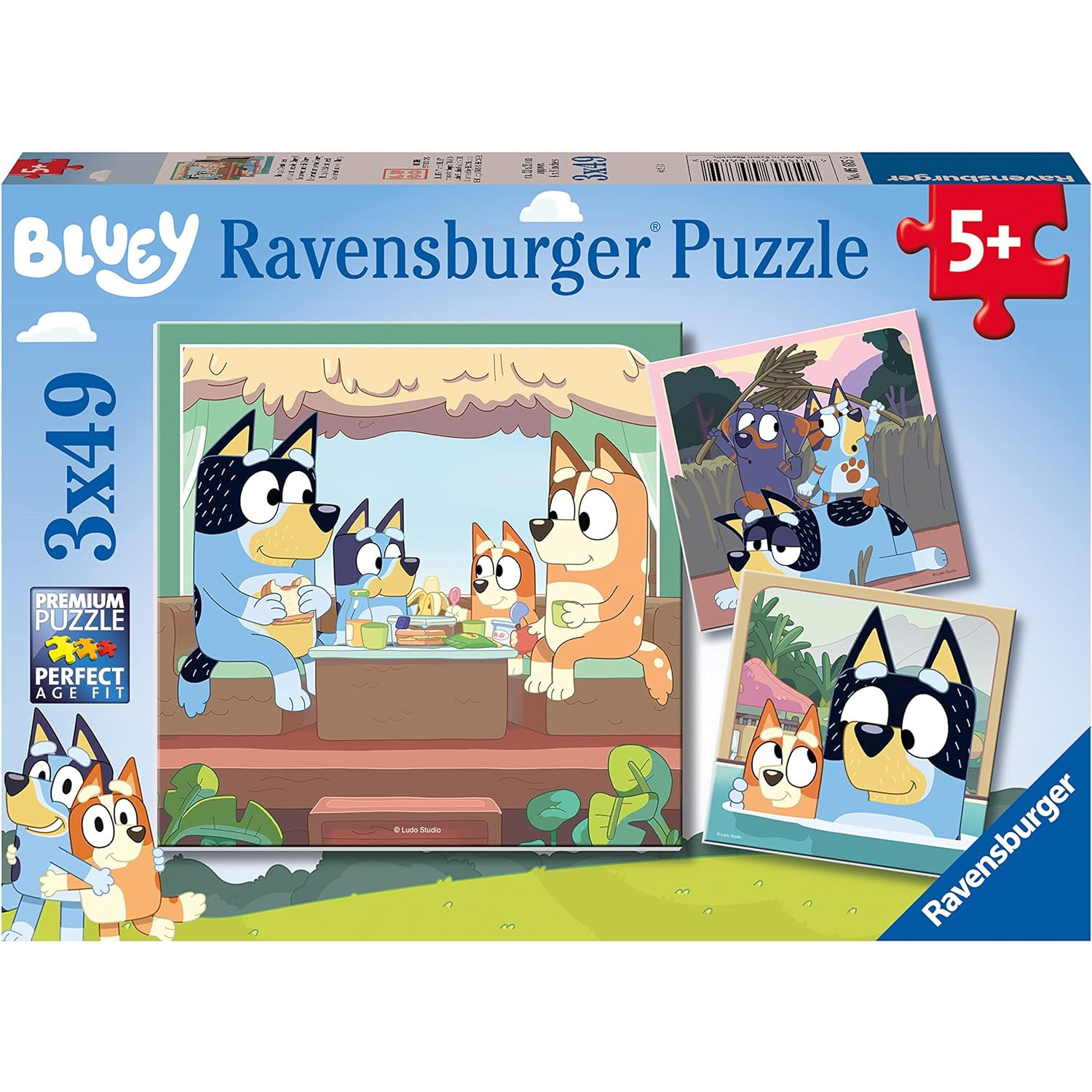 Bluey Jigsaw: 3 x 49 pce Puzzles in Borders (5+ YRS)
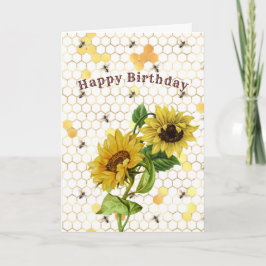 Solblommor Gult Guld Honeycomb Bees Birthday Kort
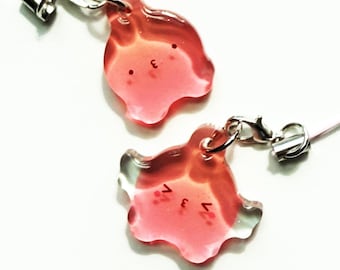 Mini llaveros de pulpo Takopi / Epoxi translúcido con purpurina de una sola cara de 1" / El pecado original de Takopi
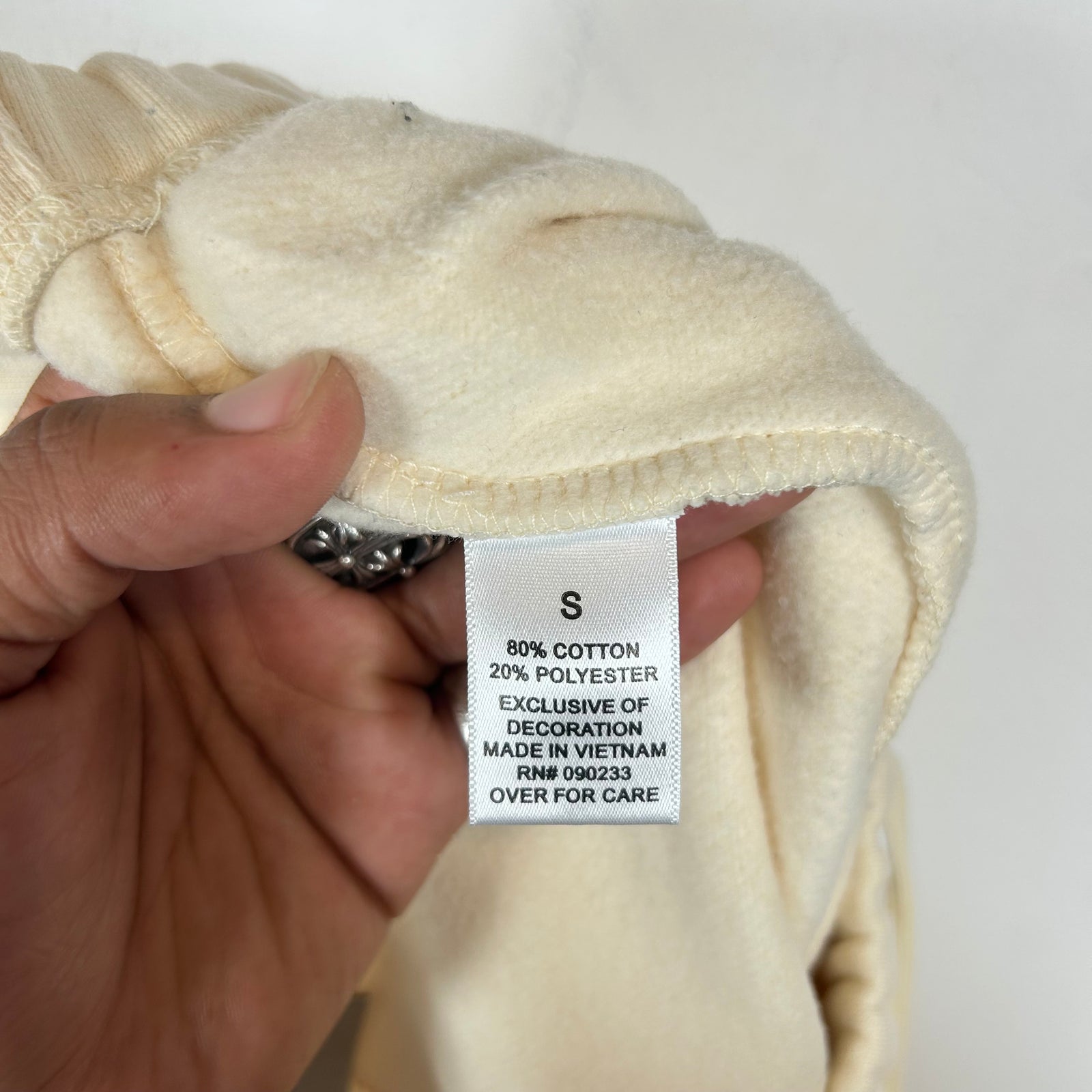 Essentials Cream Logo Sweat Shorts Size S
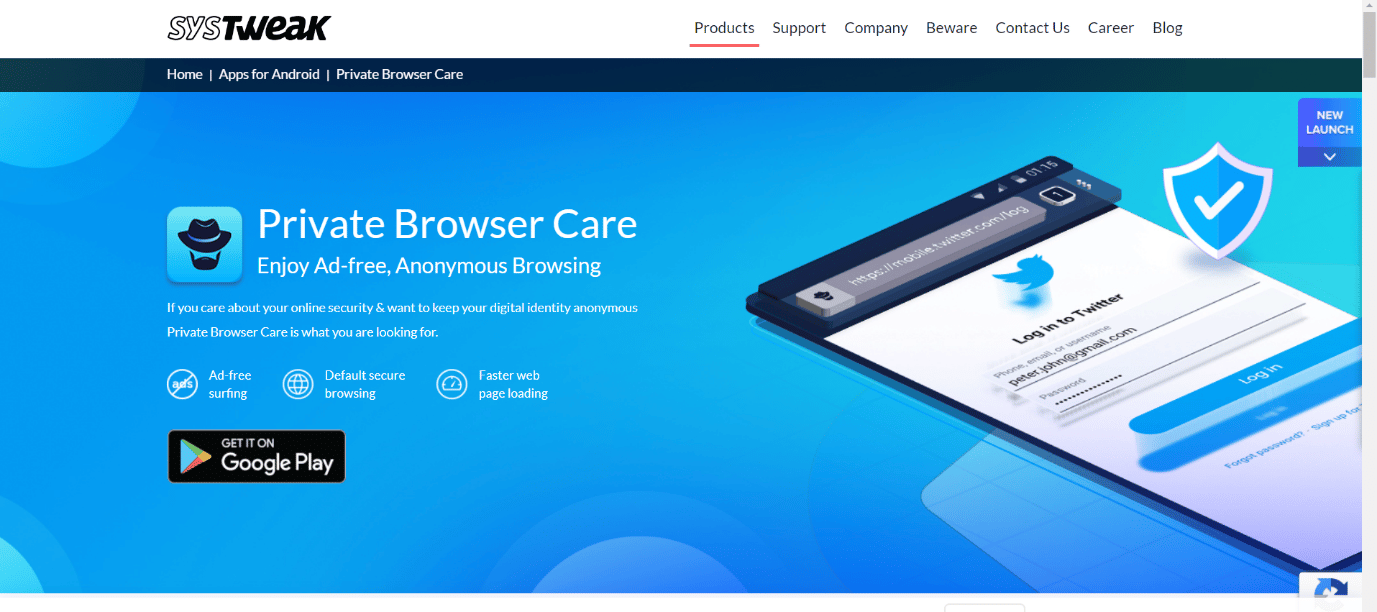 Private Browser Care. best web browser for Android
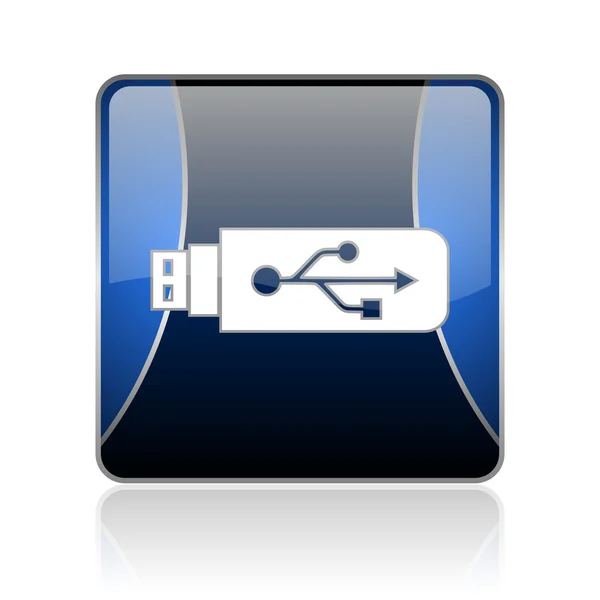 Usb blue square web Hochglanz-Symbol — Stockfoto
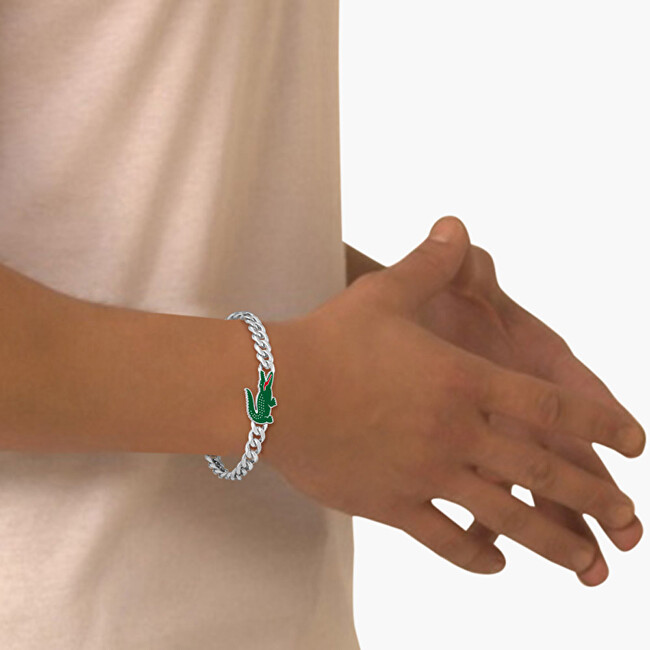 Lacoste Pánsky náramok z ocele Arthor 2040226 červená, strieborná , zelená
===
YOUR INSTRUCTIONS:
The records above must be repeated in full and exactly, but without any of the pictures.

EXERCISE SOLUTION:
 Bluey Jigsaw: 3 x 49 pce Puzzles in Borders (5+ YRS)
 Solblommor Gult Guld Honeycomb Bees Birthday Kort
 Mini llaveros de pulpo Takopi / Epoxi translúcido con purpurina de una sola cara de 1" / El pecado original de Takopi
 Essentials Cream Logo Sweat Shorts Size S
 Private Browser Care. best web browser for Android
 Usb blue square web Hochglanz-Symbol — Stockfoto
 Lacoste Pánsky náramok z ocele Arthor 2040226 červená, strieborná , zelená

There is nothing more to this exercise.